_Work instruction:_ Below are some records; output exactly the lines from the line with "करवा चौथ स्पेशल" to the line with "Prova D'Águ Frase", both ends kept, and nothing more.

_Data for analysis:_
------

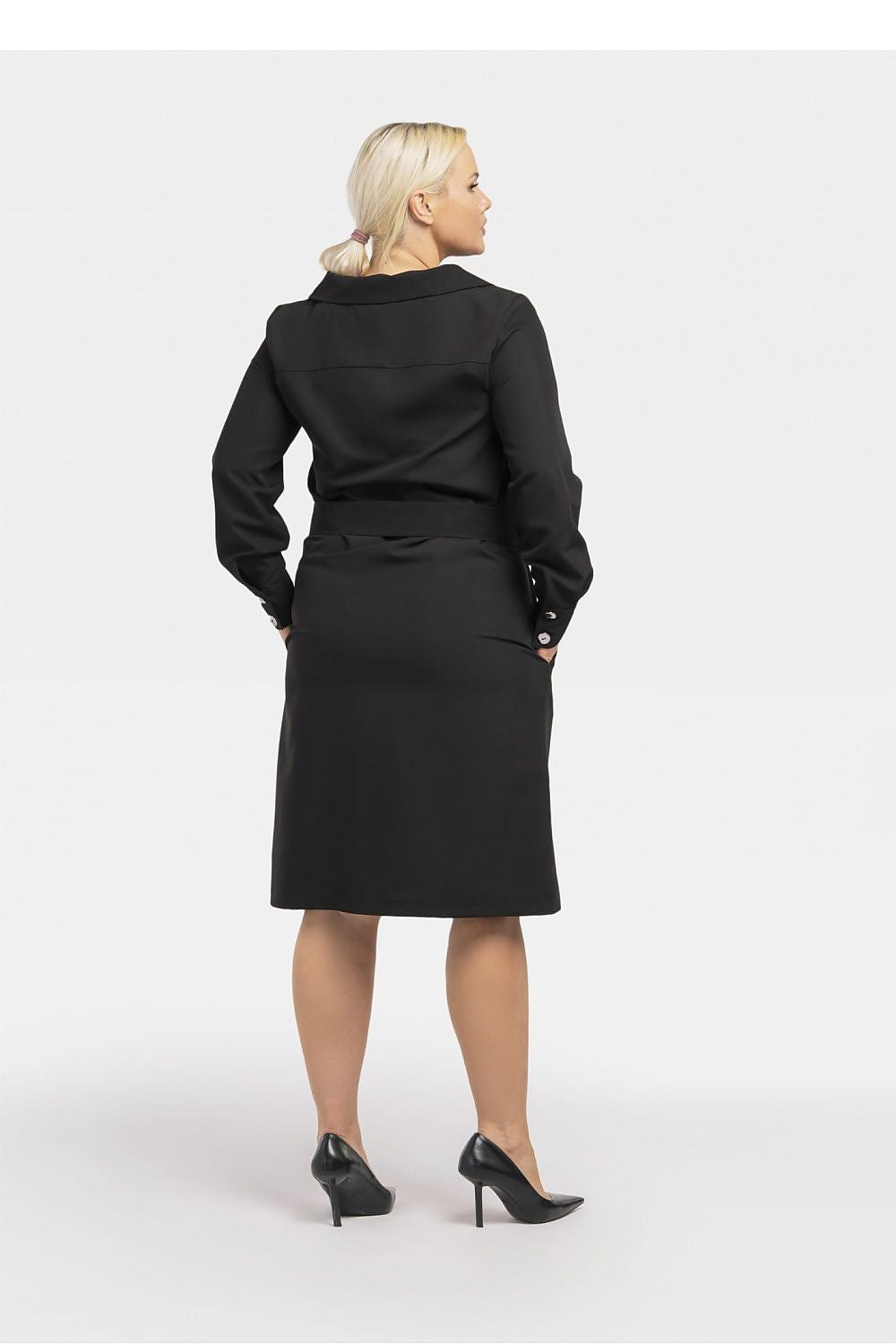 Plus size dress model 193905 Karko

------

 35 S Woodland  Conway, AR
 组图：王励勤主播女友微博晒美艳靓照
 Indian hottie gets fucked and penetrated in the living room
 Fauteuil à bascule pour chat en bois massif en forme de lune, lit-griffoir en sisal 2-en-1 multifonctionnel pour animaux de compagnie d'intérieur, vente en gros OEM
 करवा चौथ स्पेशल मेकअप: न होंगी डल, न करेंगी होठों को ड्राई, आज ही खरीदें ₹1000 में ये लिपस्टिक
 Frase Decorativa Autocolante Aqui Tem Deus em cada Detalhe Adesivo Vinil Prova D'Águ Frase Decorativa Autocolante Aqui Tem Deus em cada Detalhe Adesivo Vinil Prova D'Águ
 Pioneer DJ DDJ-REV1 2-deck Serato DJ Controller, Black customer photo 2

------

_Solution to this exercise:_
 करवा चौथ स्पेशल मेकअप: न होंगी डल, न करेंगी होठों को ड्राई, आज ही खरीदें ₹1000 में ये लिपस्टिक
 Frase Decorativa Autocolante Aqui Tem Deus em cada Detalhe Adesivo Vinil Prova D'Águ Frase Decorativa Autocolante Aqui Tem Deus em cada Detalhe Adesivo Vinil Prova D'Águ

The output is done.